尊敬するソムリエさんは「こんな腐ったワインを私に出すなんて」とグラスのワインをぶっ掛けられた経験があるそうです。きっと枯れた(私などには)えもいわれぬ熟成したブルゴーニュワインであったに違いありません。彼が選んだワインに酸化やブショネがあるとは思えません。


「こんな美味しいワインは初めてです」とおっしゃってくださったワイン初心者という中年カップルのお客様におだししたのは、20年を経たポマール1985。渋くてすっぱいワインしか飲んだことのない方に冒険と思いながら改心のヒットを放った(というかまぐれ当たり)もあります。




日本酒の古酒はさらに難しいものです。


まだまだ、一般の方々には認知度の低いひね香のある熟成古酒は、お客様を選んでお出ししなければ痛い目を見ます。私ン処のお宝「達磨正宗昭和54年純米甘口果実香」ほどに日本酒とは別次元にまで到達した偉大なお酒であればまだ理解していただけるのですが、大吟醸古酒となると、まさにお客様の古酒の許容範囲がためされるお酒です。

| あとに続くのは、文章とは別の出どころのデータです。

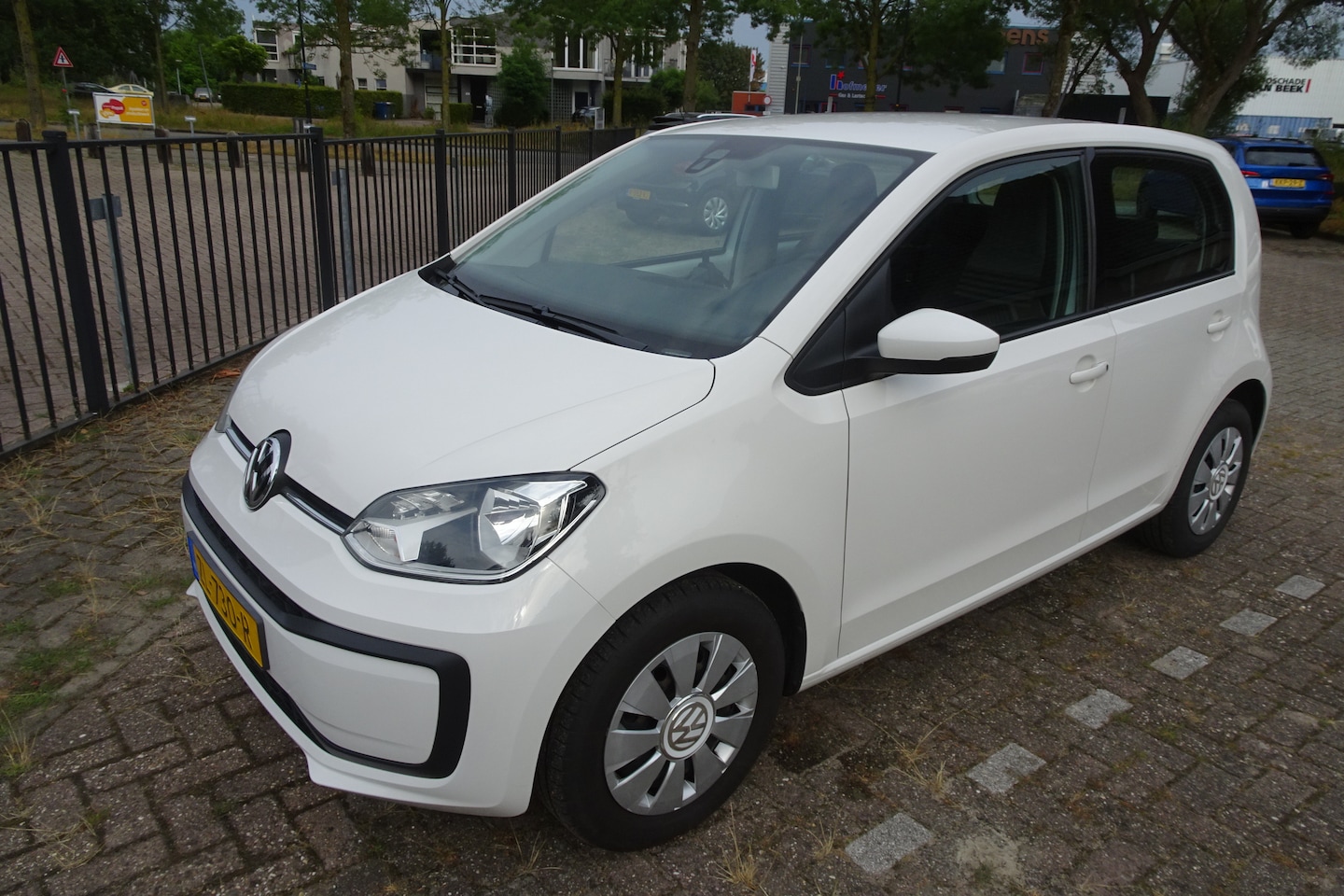 Volkswagen Up! - 1.0 BMT move up! 5 Drs * Cv. * Stb. * AIRCO * Radio/Telefoon * El.ramen * - AutoWereld.nl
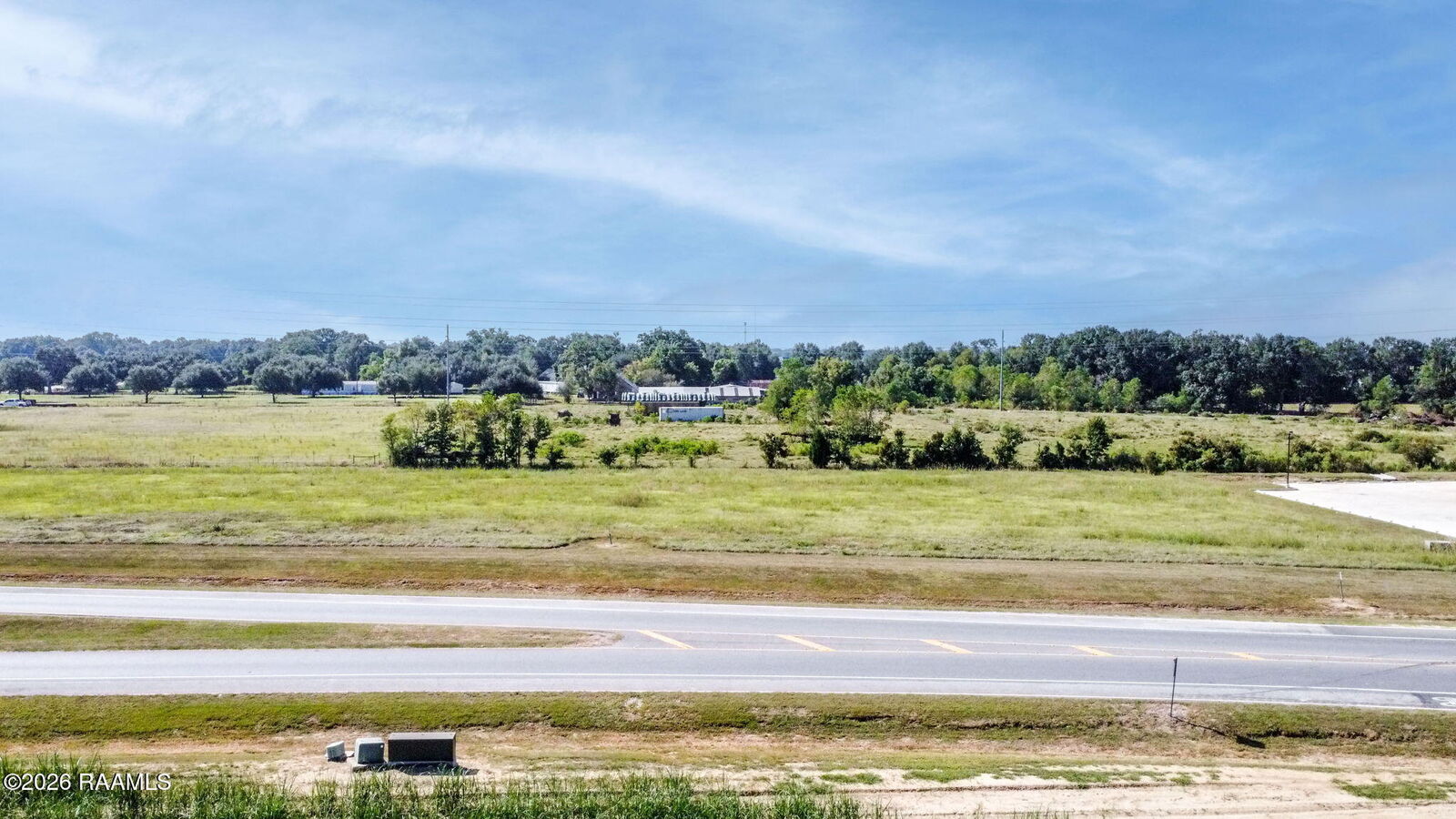 Property Photo: 2820 Chemin Metairie Parkway LA 70592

先日いただいてきた「岩の井秘蔵十五年古酒」は発売されたのが平成三年。その後常温で14年寝かされていましたので、ほぼ三十年を経た大吟醸古酒です。これほどの大吟醸古酒にはめったに出会えません。あえて比べれば、同じ岩の井の昭和47年大吟醸古酒、綾菊13年古酒大吟醸(都合20年を経た古酒)くらいが思い浮かぶくらいでしょうか。ただし、この古酒を「エレガント」と思える方にだけお出ししたいお酒です。なにしろ世の中に四合瓶二本ですから。箱にかぶった埃もいっしょにいただいてきました。